Sanki bir erken seçim havası estiriliyor gibi. Sanki öyle bir izlenim varmış gibi hareketler, icraatlar, söylemler gırla giderken, insanlar da şu koronalı günlerde “Bir arken, bir baskın seçimde nereden çıktı. Ülkenin bir seçime daha tahammülü yok!” diye düşünürken, bakıyorum bazı köşe yazarları, gazeteler, televizyon yorumcuları ve siyasetçiler, neredeyse erken seçimin tam tamlarını çalmaya başlamışlar bile.
Muhtemelen 2021 Haziran ayında bir erken seçim bekleniyor. Olur mu, olmaz mı, büyüklerimiz tabi ki bizden akıllı, onlar en iyisini bilirler!
Baksanıza, “Biz erken seçime hazırız!” diyerek efelenenler bile çıkıyor. Oysa çoğu kaçak güreşiyor bu meselede. Çapı yok, altyapıdan bihaber, karekökü sıfır, seçime hazırmış ede’m. Yeme bizi yahu!
Neyse…
Büyüklerimiz daha iyi bilirler. Ne zaman karar verirlerse, ben de hazırım seçime.
*
Sadece seçim dönemlerinde değil, günlük yaşamda bile yalanlar, iftiralar, kumpaslar, alavere@dalavereler gırla gidiyor. Neredeyse meslek haline getirilmiş vaziyette. Zaten şu sıralar yalan, iftira, kumpas, dedikodu ile geçiyor ömürler. İki kişi bir araya gelmesin yeter ki, başlıyorlar dedikoduya, yalana, iftiraya, komplo teorilerine…
Vur abalıya! Yalandan kim ölmüş.
O kadar çoğaldı ki günümüzde bu hareketler, Goebbels mezarından kalkıp çıksa, bunların ellerinden öper, “Vallahi sizi kutlarım, ben bile sizin kadar yalan, iftira, komplo teorisi üretememiştim” diyecektir. İşte, Goebbelsit propaganda esaslarından örnekler diyeceğim de, siz yine de bunlara uymayın, aldırış etmeyin, inanamayın derim.

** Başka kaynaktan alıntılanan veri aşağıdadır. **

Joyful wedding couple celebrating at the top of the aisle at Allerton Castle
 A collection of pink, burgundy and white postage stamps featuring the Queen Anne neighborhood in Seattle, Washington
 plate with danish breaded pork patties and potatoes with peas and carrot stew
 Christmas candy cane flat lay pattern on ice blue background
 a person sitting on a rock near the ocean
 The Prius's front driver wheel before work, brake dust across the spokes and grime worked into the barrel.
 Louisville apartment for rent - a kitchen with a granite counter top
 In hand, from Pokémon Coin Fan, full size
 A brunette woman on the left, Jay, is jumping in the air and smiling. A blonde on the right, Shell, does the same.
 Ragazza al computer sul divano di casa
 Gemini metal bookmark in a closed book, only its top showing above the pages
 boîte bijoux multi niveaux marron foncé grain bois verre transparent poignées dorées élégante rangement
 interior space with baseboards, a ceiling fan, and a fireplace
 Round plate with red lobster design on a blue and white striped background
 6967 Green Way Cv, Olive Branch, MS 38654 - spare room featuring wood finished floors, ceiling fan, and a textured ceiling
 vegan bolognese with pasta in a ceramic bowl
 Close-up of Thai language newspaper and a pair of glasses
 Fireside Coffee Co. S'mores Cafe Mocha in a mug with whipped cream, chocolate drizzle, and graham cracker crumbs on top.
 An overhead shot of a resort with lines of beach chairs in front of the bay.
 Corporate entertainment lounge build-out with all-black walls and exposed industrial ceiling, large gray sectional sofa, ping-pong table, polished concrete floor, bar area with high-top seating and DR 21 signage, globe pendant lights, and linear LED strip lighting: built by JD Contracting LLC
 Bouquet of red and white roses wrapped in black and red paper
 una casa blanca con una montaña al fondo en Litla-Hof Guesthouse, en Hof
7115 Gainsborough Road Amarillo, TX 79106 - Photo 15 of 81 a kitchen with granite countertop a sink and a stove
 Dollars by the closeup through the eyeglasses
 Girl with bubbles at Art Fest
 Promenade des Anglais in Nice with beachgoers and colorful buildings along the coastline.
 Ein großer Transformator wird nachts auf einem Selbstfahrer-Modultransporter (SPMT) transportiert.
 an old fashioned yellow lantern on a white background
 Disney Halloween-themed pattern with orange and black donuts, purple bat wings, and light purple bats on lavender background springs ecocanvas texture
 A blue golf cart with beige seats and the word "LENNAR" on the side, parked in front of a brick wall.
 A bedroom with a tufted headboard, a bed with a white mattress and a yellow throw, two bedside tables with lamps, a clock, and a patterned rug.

Gerçi ne desek boş, karakter meselesi hepsi…
Ama inananı, rağbet edeni çok birader! İşte o propaganda sözcüklerinden, malzemelerinden bir değil, birkaç örnek!
*
“Yalan söyleyin, mutlaka inanan çıkacaktır! Olmazsa yalana devam edin! Bir şeyi ne kadar uzun süre tekrarlarsanız, insanlar ona o kadar fazla inanırlar. Bir insana yalan da olsa bile bir söylemi sürekli tekrarlarsanız, o söylemin nereden geldiğini unutur ve kendi fikri gibi benimser ve savunur.
Söylediğiniz yalan ne kadar büyük olursa o kadar etkili olur ve insanların o yalana inanması da o kadar kolaylaşır.
Halkı her zaman ateşleyin, asla soğumasına ve düşünmesine izin vermeyin! Çünkü halk büyük yalanlara, küçük yalanlara göre daha çabuk inanır, kanar.
Hatalı olduğunuzu ya da yanlış yaptığınızı asla kabul etmeyin! Asla karşınızdakinin üstün bir yanı olduğunu kabul etmeyin! Asla kendinizden başka birine hareket alanı bırakmayın! Asla kabahat ve suçu üstlenmeyin! Sadece bir karşınızdakine odaklanın ve kötü giden her şeyin suçunu onun üzerine yıkın, etkili olacaktır!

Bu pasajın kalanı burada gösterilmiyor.